— YOUR OBJECTIVE —
Using the records below, write out only the lines from the line containing "2016 Ford Mustang" up to and including the line containing "Luminosa Lighting Luminosa", exactly, with no pictures.

(EXERCISE MATERIAL begins)

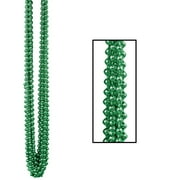 Beistle School Green Small Round Bead Beaded Party Necklace Costume Accessory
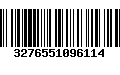 Código de Barras 3276551096114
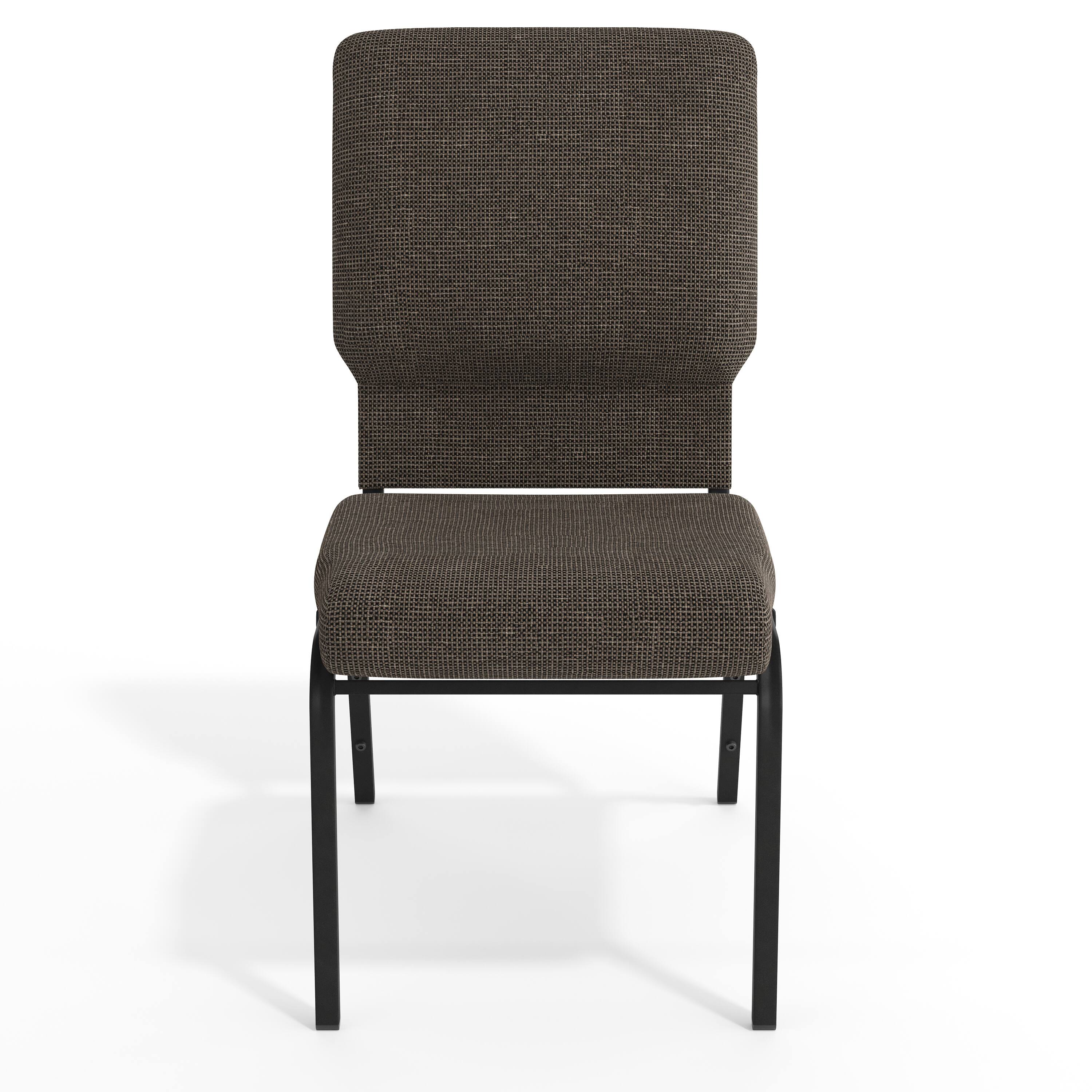 Alt View 9. Emma + Oliver - Church Chairs 18.5 in. Wide - Fossil Fabric/Black Frame.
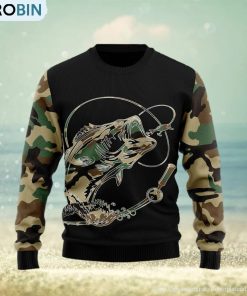 Fishing Dad Ugly Christmas Sweater Gift Men Women Fishing Dad Ugly Christmas Sweater Gift Men Women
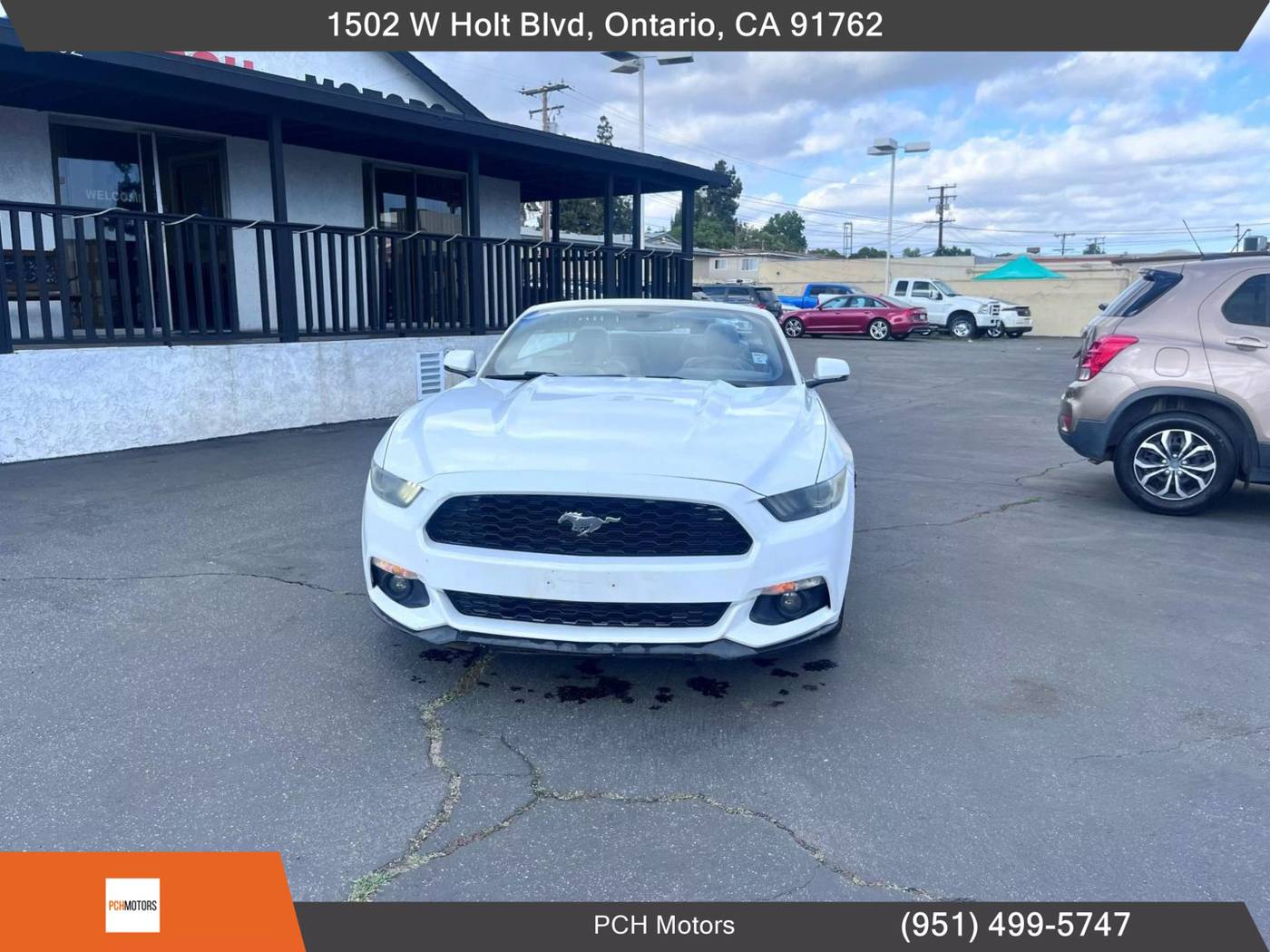 2016 Ford Mustang EcoBoost Premium — Convertible — 105,737 mi — Ontario, CA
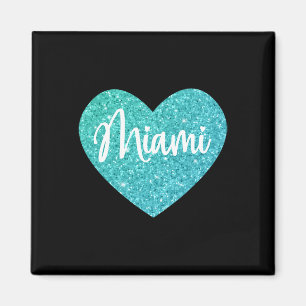 I Love Miami Florida Heart  Magnet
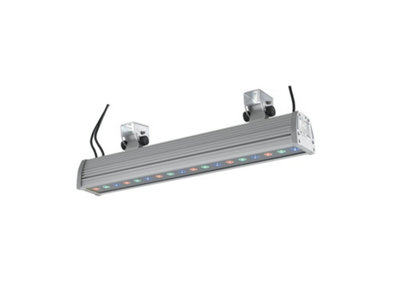 Luminosa Lighting Luminosa Wallwasher Outdoor Led 18 Light Recessed Floor & Decking AluminumIp65 Rgb 56.5X15.3X8.5Cm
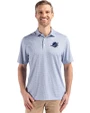 Miami Dolphins Americana Cutter & Buck Pike Recycled Diamond Dot Print Mens Big & Tall Polo Navy Blue Front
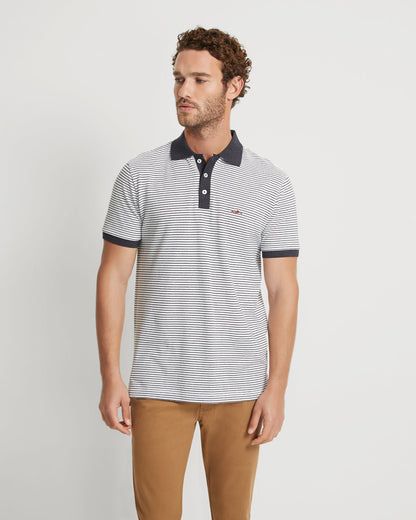 Mack Striped Organic Cotton Polo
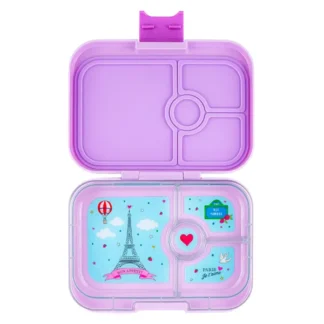 Yumbox Panino 4 Rum Madkasse Lulu Purple Paris - Yumbox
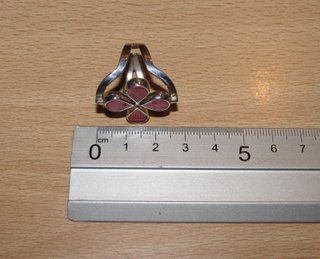 Anillo sortija reversible doble 2 caras plata 950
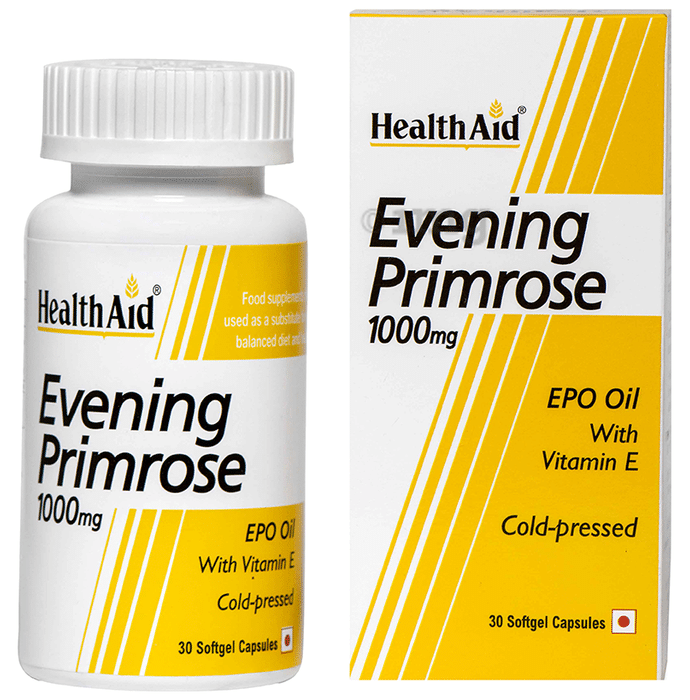 HealthAid Evening Primrose Oil 1000 mg Soft Gelatin Capsule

(EXERCISE MATERIAL ends)

— WRITTEN RESPONSE —
 2016 Ford Mustang EcoBoost Premium — Convertible — 105,737 mi — Ontario, CA
 I Love Miami Florida Heart  Magnet
 Luminosa Lighting Luminosa Wallwasher Outdoor Led 18 Light Recessed Floor & Decking AluminumIp65 Rgb 56.5X15.3X8.5Cm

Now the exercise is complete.